#### WHAT TO PRODUCE
Write out the data word for word, taking care that no picture is carried over.

#### DATA FOR REVIEW
---

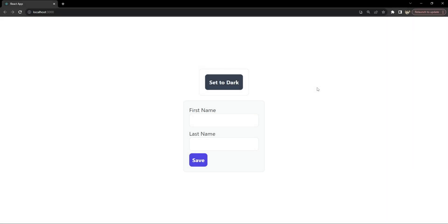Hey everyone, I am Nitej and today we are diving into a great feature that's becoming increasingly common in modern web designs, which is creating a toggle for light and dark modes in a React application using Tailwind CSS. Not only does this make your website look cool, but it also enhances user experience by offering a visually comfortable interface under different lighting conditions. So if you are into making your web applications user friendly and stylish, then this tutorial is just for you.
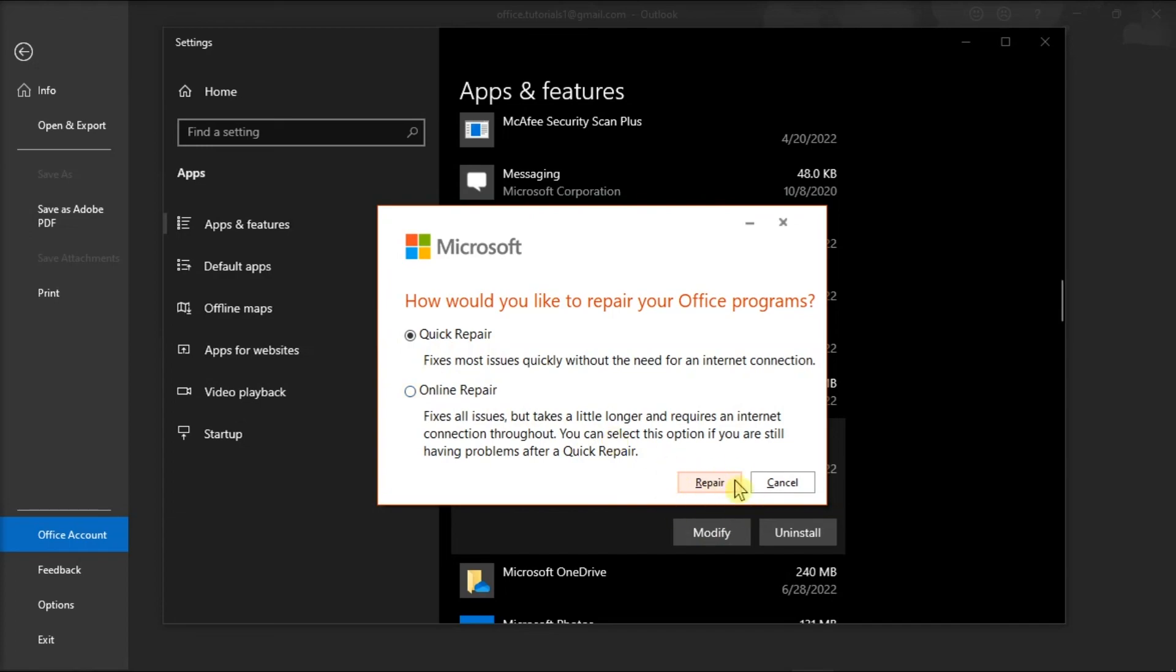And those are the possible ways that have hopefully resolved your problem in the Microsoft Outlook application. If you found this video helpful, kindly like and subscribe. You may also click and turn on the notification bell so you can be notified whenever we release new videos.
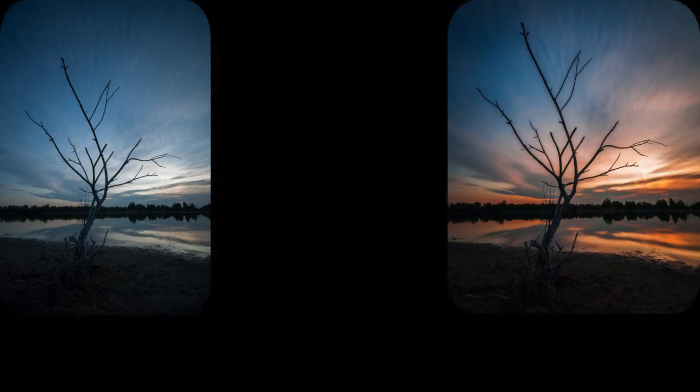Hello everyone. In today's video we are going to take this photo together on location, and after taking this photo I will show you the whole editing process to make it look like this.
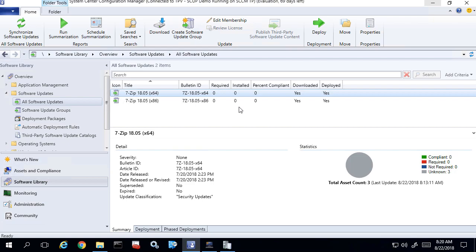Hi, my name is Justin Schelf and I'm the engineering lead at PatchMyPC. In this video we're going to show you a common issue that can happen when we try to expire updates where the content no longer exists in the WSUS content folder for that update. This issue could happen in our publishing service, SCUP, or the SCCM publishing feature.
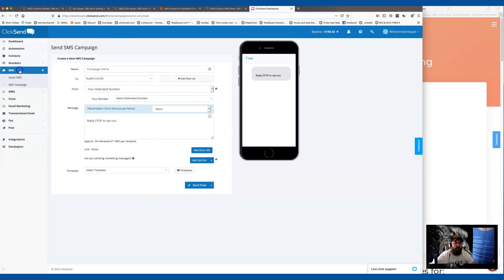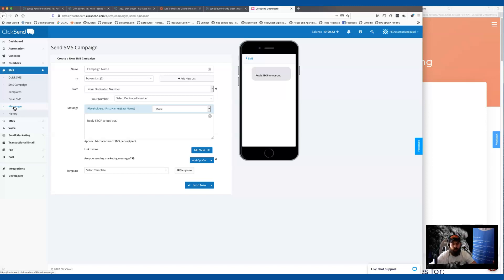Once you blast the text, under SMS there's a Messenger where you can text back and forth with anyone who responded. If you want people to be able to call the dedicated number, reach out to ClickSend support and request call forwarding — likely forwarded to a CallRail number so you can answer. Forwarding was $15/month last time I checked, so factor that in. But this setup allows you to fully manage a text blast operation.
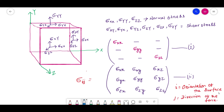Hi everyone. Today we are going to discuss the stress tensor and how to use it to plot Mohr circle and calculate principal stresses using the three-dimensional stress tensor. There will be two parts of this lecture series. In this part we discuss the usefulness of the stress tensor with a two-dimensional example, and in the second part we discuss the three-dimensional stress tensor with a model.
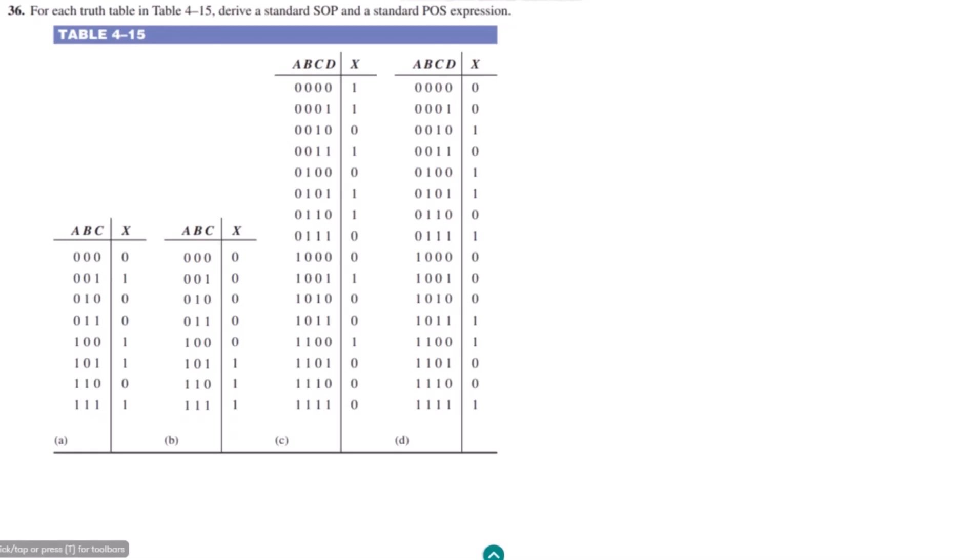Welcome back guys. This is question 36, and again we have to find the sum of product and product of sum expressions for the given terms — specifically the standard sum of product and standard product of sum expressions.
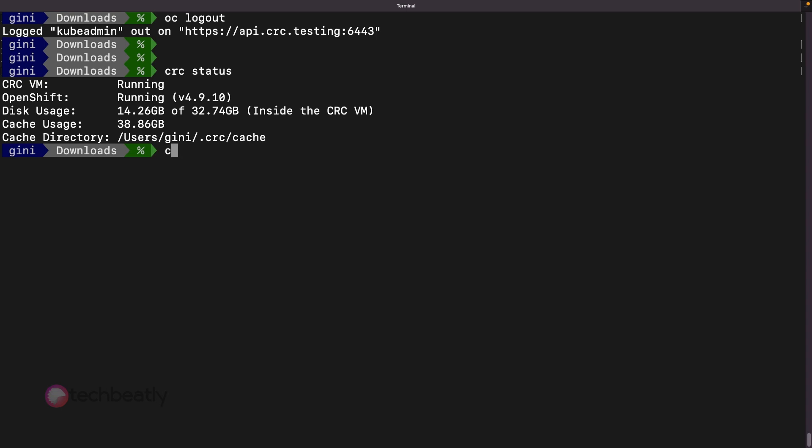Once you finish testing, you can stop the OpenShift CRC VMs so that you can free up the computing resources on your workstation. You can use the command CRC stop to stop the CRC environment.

---

#### RESPONSE TO THIS EXERCISE
Hey everyone, I am Nitej and today we are diving into a great feature that's becoming increasingly common in modern web designs, which is creating a toggle for light and dark modes in a React application using Tailwind CSS. Not only does this make your website look cool, but it also enhances user experience by offering a visually comfortable interface under different lighting conditions. So if you are into making your web applications user friendly and stylish, then this tutorial is just for you.
And those are the possible ways that have hopefully resolved your problem in the Microsoft Outlook application. If you found this video helpful, kindly like and subscribe. You may also click and turn on the notification bell so you can be notified whenever we release new videos.
Hello everyone. In today's video we are going to take this photo together on location, and after taking this photo I will show you the whole editing process to make it look like this.
Hi, my name is Justin Schelf and I'm the engineering lead at PatchMyPC. In this video we're going to show you a common issue that can happen when we try to expire updates where the content no longer exists in the WSUS content folder for that update. This issue could happen in our publishing service, SCUP, or the SCCM publishing feature.
Once you blast the text, under SMS there's a Messenger where you can text back and forth with anyone who responded. If you want people to be able to call the dedicated number, reach out to ClickSend support and request call forwarding — likely forwarded to a CallRail number so you can answer. Forwarding was $15/month last time I checked, so factor that in. But this setup allows you to fully manage a text blast operation.
Hi everyone. Today we are going to discuss the stress tensor and how to use it to plot Mohr circle and calculate principal stresses using the three-dimensional stress tensor. There will be two parts of this lecture series. In this part we discuss the usefulness of the stress tensor with a two-dimensional example, and in the second part we discuss the three-dimensional stress tensor with a model.
Welcome back guys. This is question 36, and again we have to find the sum of product and product of sum expressions for the given terms — specifically the standard sum of product and standard product of sum expressions.
Once you finish testing, you can stop the OpenShift CRC VMs so that you can free up the computing resources on your workstation. You can use the command CRC stop to stop the CRC environment.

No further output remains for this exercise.